Wojciech Kocjan <[EMAIL PROTECTED]> writes:

> > Comments should be C style comments.

> I can't bare the fact that C style comments cannot be nested... And
> /* */'ing the code is my habit, I can't turn to
> #ifdef UNDEFINEDDEFINE
> #endif

> Ok, I'll check out the code and probably change it a bit...

If you don't fix the style, and I end up including the code, I will,
as I want the code to look reasonably uniform.  But I would appreciate
receiving code that more or less looks like the rest of mod_dtcl:-)
 
> > I'll have a look at my own parser, too, and see what it would take to
> > extract *just* the parsing code.

I've extracted the dtcl parser into parser.c, in the CVS tree.  It was
actually slightly easier than I'd immagined... probably due to some of
the reworking I've been doing.

> Actually, I was thinking of choosing which one is faster.

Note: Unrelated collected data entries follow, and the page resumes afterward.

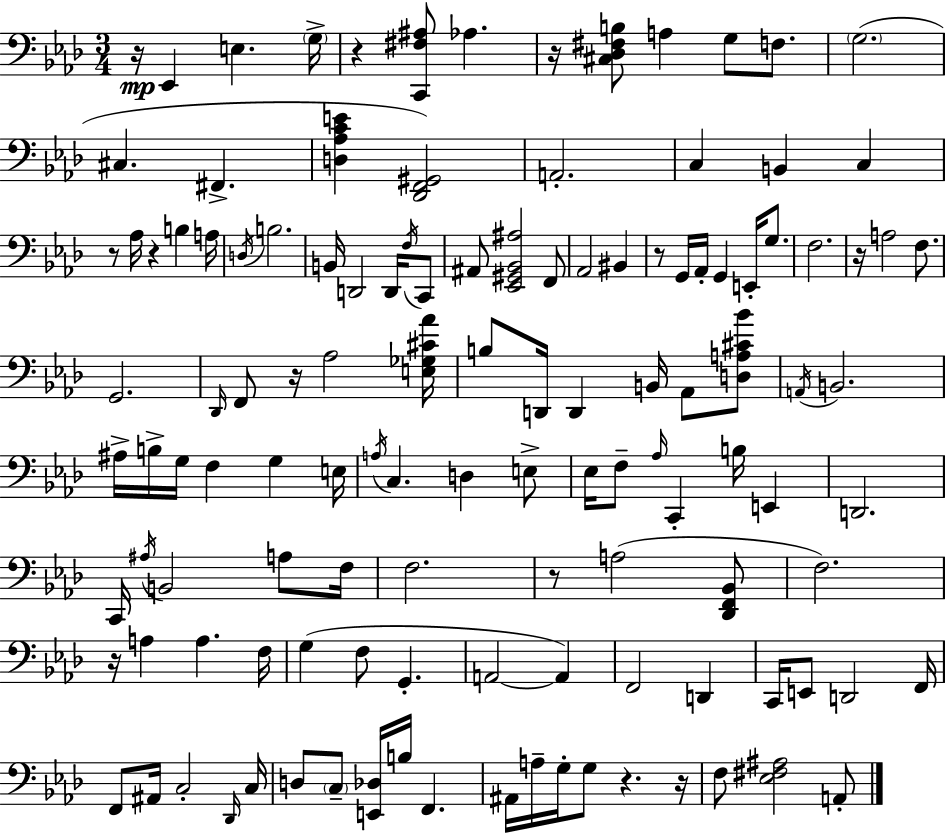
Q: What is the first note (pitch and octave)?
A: Eb2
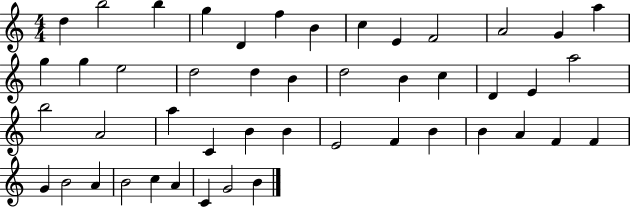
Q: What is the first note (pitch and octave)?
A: D5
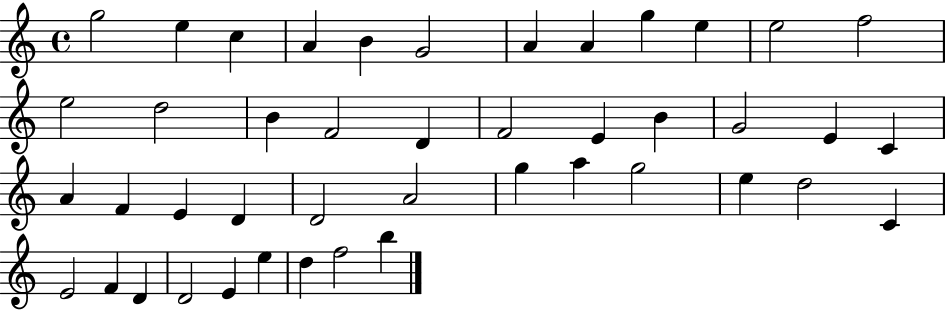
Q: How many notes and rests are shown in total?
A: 44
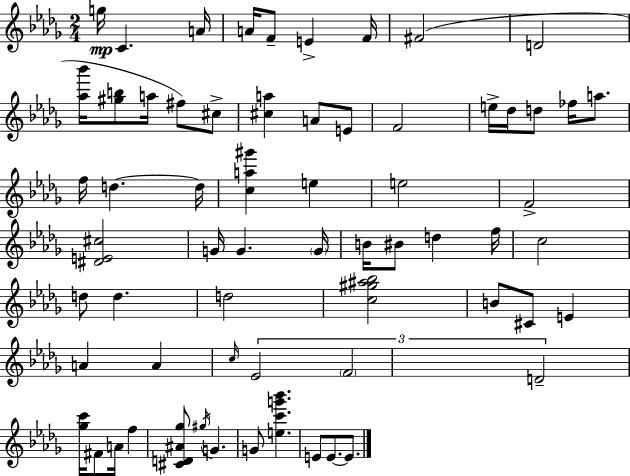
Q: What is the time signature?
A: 2/4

I'd have
> to write a part for creating pure Tcl code, probably reuse of your
> code...

By all means, create some tests and let's see the results:-)

> I'd hate to mess around with your project, but maybe my code (which
> uses memchr() instead of byte-by-byte browsing) is faster, so it
> would be wiser to use mine.

libc does do buffering, so it shouldn't be generating a syscall for
each getc...

> Also, I'd like to hear opinions from people on this list if <?= and
> <?dtcl could be useful for someone except me?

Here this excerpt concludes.